Jetzt weiß ich, woran mich das Gemälde im Frühstücksraum des Hotel Art Nouveau erinnert! Als ich 25 Jahre alt war, nahm ich mit meinem Freund K. LSD – K. hatte das schon häufiger gemacht und versicherte mir seine verantwortungsvolle Rauschbegleitung. Was dann passierte, ist kaum zu beschreiben, es war, als spielten Raum und Zeit nur noch eine Nebenrolle.

Die Hitze des stickigen Augusttages hing in diese tiefe Nacht hinein und wir schwitzten in K.s Einzimmerwohnung auf Bremens Partymeile Vor dem Steintor. Durch die geöffneten Fenster drang der Lärm ausgelassener Leute, das rumpelnde Quietschen der um die Kurve fahrenden Straßenbahn und gelegentliche Polizeisirenen. Neben dem Fenster prangte eine gigantische Eistüte in leuchtenden Bonbonfarben, die ins Eiscafé im Erdgeschoss locken sollte.

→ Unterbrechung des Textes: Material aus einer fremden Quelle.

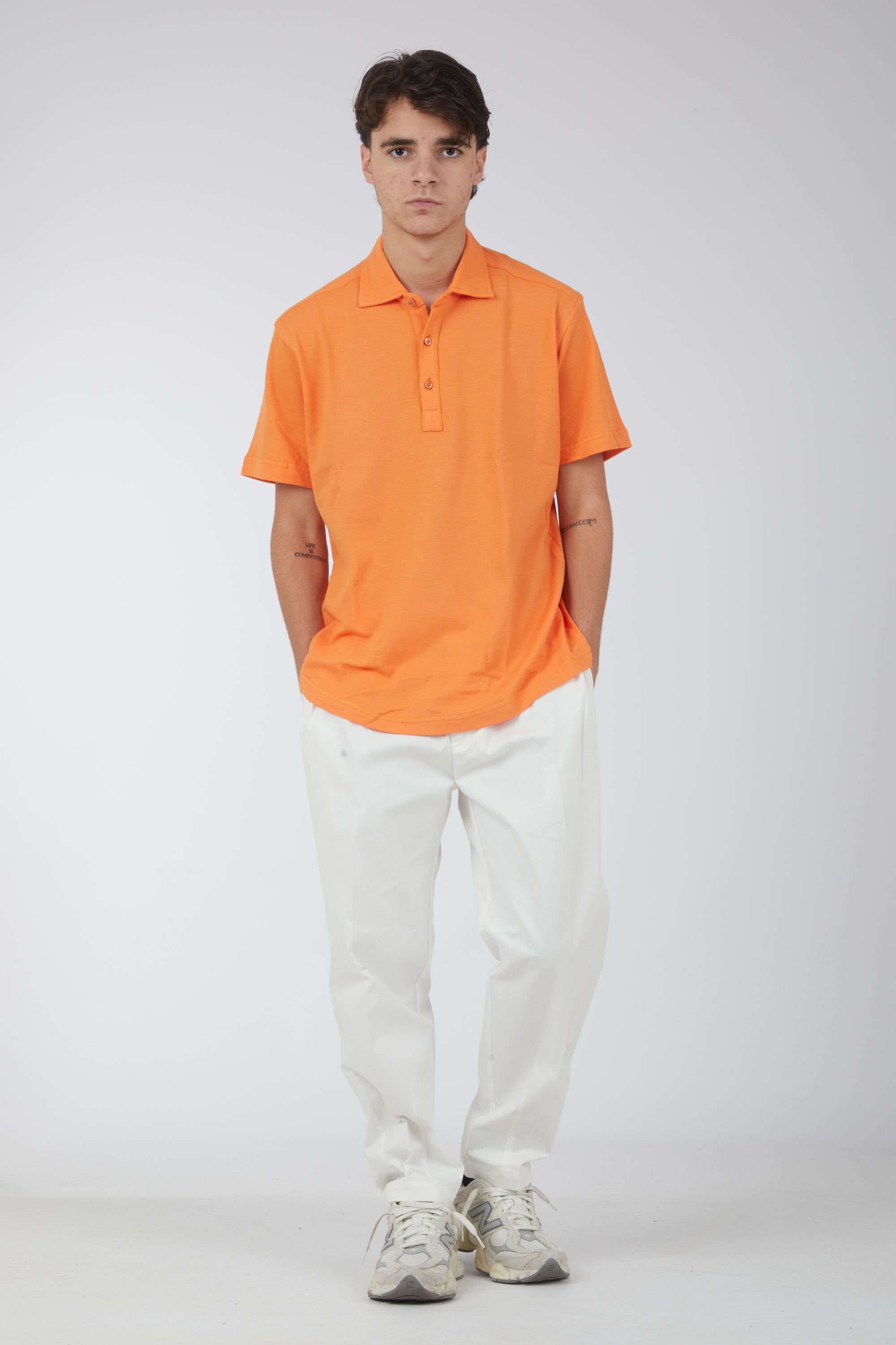 Polo Piquet Mezza Manica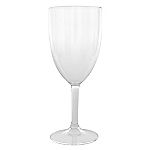 Sainsbury's Retro Clear Goblet Glass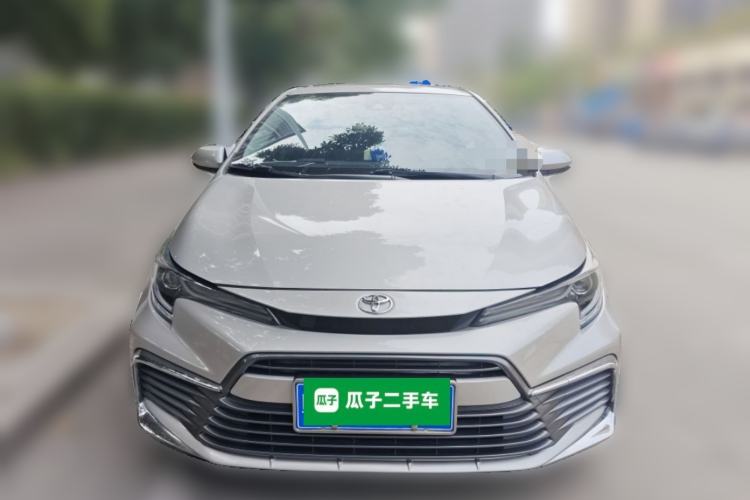 Used Toyota Levin 2021 2.0L Luxury Edition Front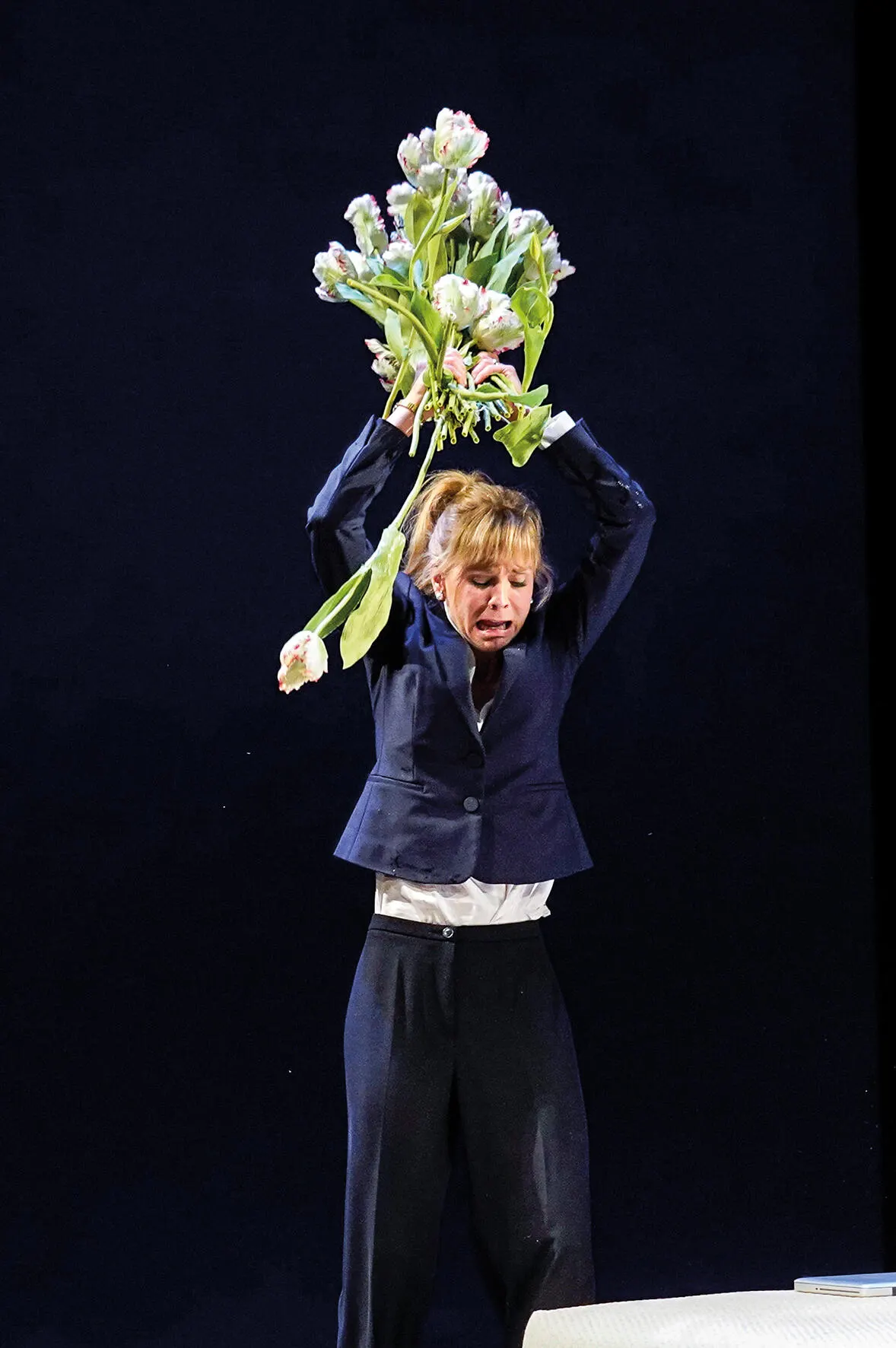 DER GOTT DES GEMETZELS Schauspiel von Yasmina Reza Spielzeit 2018/2019 / Premiere: 25.01.2019 Sabine Fürst Foto: Tobias Metz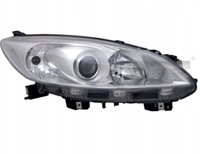 фото thumb №1, Фара лампа перед права mazda 5 2010- h11/hb3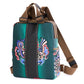 Women's Canvas Designer Backpack - Large Travel & School Rucksack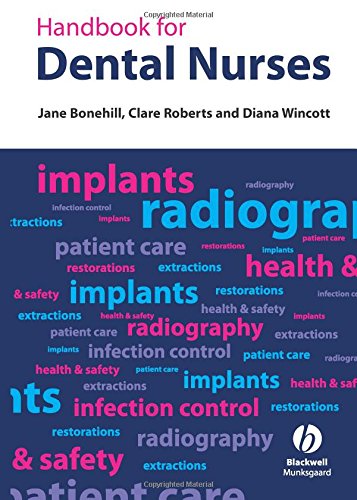 Handbook for Dental Nurses [Paperback]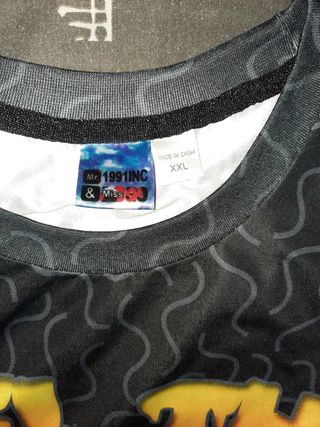 Camiseta Feel the Bass calavera XXL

Wir hingen halbnackt und schwitzend auf dem Boden rum und staunten über unsere sehr unterhaltsamen Halluzinationen – Wir hatten Glück: statt uns als paranoide Horrorzombies zu erleben, wurden wir Darsteller einer surrealen Komödie. K. streckte sich aus und legte seine rechte Hand hinter den Kopf, aus dem die Haarlocken nun wie Äste wuchsen und sich im Zimmer verloren. In seiner Achselhöhle bildete sich eine Vagina, die pausenlos Augäpfel ausspuckte, die wie Seifenblasen durch den Raum schwebten. Seine Augenhöhlen waren schwarze Meere mit tausenden kleiner Funkelsterne und aus den Lautsprechern floss die Musik von Errol Garner wie ein reißender, erfrischender Strom, in dem wir unsere schwitzenden Körper erfrischten. Ich schloss die Augen, aber nichts veränderte sich. Ich öffnete sie wieder, es machte keinen Unterschied, diese Bilder waren in mir und ich konnte sie sehen, ich musste sie sehen.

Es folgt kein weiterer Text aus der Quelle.